I’m taking zero credit for what I’m about to share with you. I came across it in one of my daily meditations by Jay Shetty, last week and it’s too good not to share.
This was just one of his regular lessons but I found it so relevant to why we’re all here.
It’s centered around one question that we all may have asked ourselves at some point during our grief journey.
Why Me?
It begins with an old parable about a small family living in a modest home in a village in India. The ending is pure gold.
One day, after a long, dry summer there was a thunderstorm. Lightning struck a tree which then caught fire and fell onto the family’s house, destroying it.
Fortunately, the family survived but they lacked the money to rebuild their home as it was. The mother was distraught.
“Why me?” she asked, looking up at the sky.
Days went by. Then weeks, and months. A year later the mother was still bitter and angry.
“Why me?” she demanded over and over again.
Finally, her husband encouraged her to ask the local guru for help. So she went to the guru and asked her familiar question.
“Why me? I didn’t deserve this. My family didn’t deserve this. But if you can tell me why, I might be able to find peace and move on.”
The guru nodded.
“I can help you,” he said. “You must go collect a handful of mustard seeds from the people in your village. But you must collect them ONLY from people who have never experienced grief or tragedy.”
The woman nodded and went off to collect the seeds.
A week later, she came back to the guru empty-handed. She could not find a single home that was untouched by tragedy or grief.
The guru asked her, “Do you still want me to try and heal you?”
“No,” the woman said. “Since my neighbors shared their stories and we cried together I found that I have stopped wondering why me.”
For months after I lost my son, I felt more alone than I’ve ever felt in my life.

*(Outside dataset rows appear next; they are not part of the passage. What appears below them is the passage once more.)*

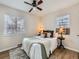 Cozy bedroom featuring hardwood floors, natural light, and a comfortable sleeping space at 3440 N Steele St, Denver, CO 80205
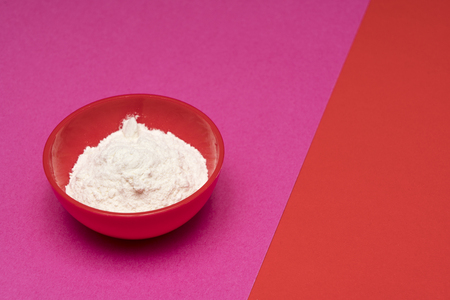 flour in a bowl on a colored backgroundの写真素材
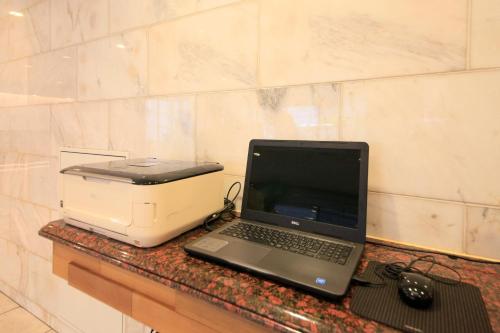 a laptop computer sitting on a counter next to a printer at Smile Hotel Tokyo Ayase Ekimae in Tokyo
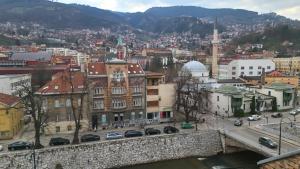 Blick auf eine Stadt mit einer Brücke und Gebäuden in der Unterkunft Waterfall Hostel in Sarajevo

Logically, I knew I wasn’t the only person who’d ever lost a child but emotionally, I felt like a hobo traveling an abandoned, dirt road completely on my own.

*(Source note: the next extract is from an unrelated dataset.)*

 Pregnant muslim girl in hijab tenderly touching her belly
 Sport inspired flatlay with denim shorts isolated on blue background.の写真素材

Then I began writing about my feelings and experiences. That’s where I found most of you.
I also found a peer support group in my city which is where I found many other mothers on the same journey.

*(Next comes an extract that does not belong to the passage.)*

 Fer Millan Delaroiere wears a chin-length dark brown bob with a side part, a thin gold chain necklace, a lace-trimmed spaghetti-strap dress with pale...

And that’s also when I stopped asking myself, “Why me?” Because it wasn’t just me anymore. I wasn’t even close to being alone.
Asking that question is the ultimate resistance to accepting what is. It represents a story we’re telling ourselves - the story that we’re alone in our struggles.
By recognizing that suffering is part of the human experience, we can soften it.
When we release ourselves from the story that our suffering is unique it frees us to go through the process of accepting what is, allowing ourselves to move forward.
Acceptance isn’t my favorite word for loss. I prefer to use the phrase, “Coming to terms.”
In any case, how have you learned to accept or come to terms with the loss you’ve experienced?
Thank you for this - my dad passed away from Covid and I find myself resentful that the pandemic has affected me this way while so many others have been unscathed. It isn't a helpful thought process so I've been trying to navigate through it the best way possible - this resonated with me.
Being hit with a devastating loss, especially suddenly, is bound to make us feel cast out from the "normal" world, isolated, apart, and somehow abnormal. But that's because daily life, in order to function, requires a certain facade, a certain distancing from the stark fact that loss and grief are inevitable if we live for any length of time (and if we don't, we'll be the cause of grief). It does help when you can get to the point where you understand that loss is normal, indeed universal. Another, perhaps harsher but ultimately bracing answer to the question "Why me?" that I've heard quoted is, "Why not you?"